### [Data for analysis]

───

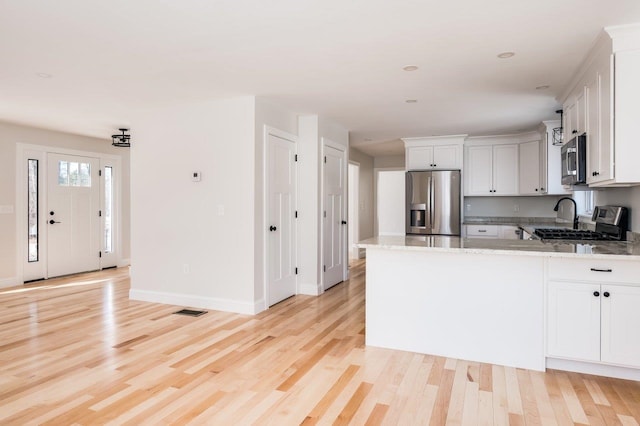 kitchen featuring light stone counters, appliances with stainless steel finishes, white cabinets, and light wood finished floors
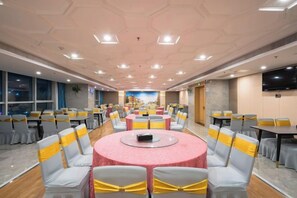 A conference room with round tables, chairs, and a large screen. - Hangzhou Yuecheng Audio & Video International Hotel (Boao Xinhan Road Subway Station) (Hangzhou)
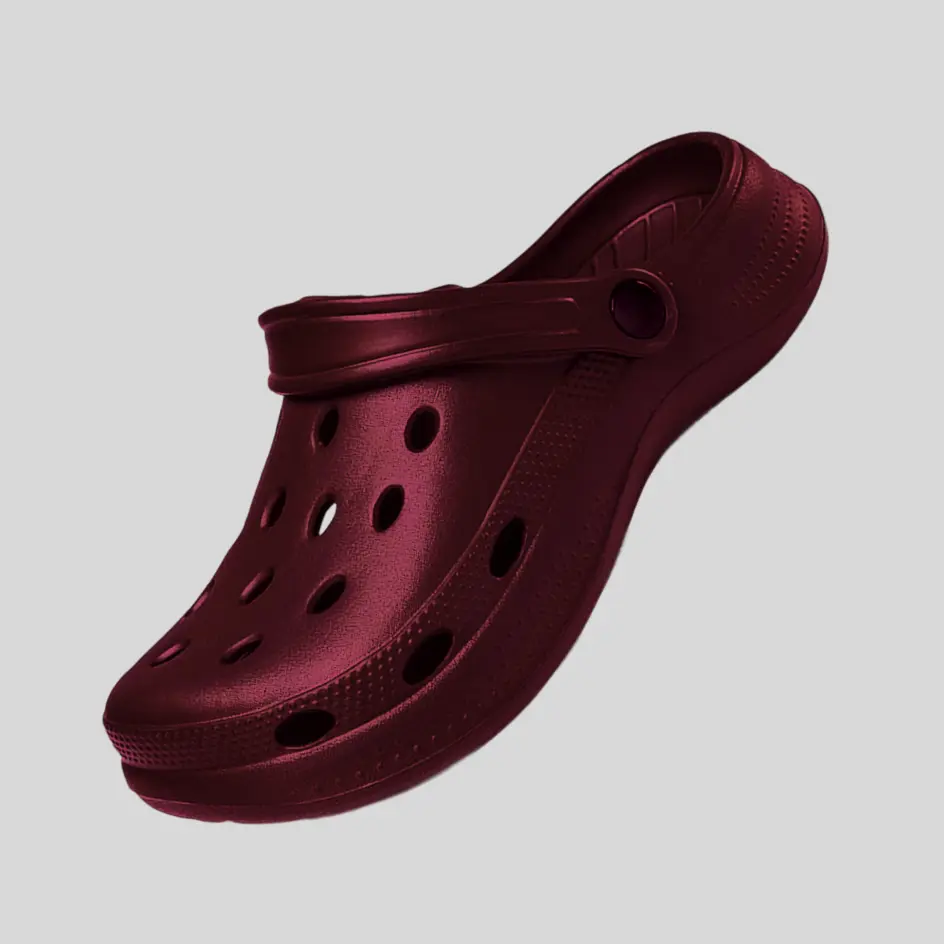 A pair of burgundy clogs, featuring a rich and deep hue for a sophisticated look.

───

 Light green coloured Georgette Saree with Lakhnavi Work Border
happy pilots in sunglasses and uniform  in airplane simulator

───

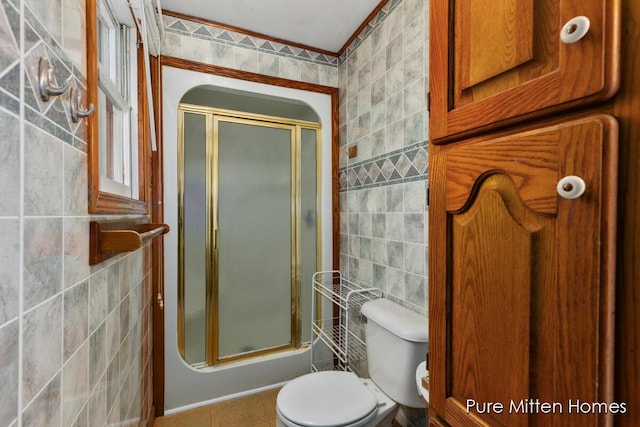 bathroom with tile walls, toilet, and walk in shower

───

### [Task details]
All pictures are to be skipped. Output, word for word, the lines in the data above starting at the line containing "kitchen featuring light" and ending at the line containing "A pair of burgundy".

### [Problem solution]
 kitchen featuring light stone counters, appliances with stainless steel finishes, white cabinets, and light wood finished floors
 A conference room with round tables, chairs, and a large screen. - Hangzhou Yuecheng Audio & Video International Hotel (Boao Xinhan Road Subway Station) (Hangzhou)
 A pair of burgundy clogs, featuring a rich and deep hue for a sophisticated look.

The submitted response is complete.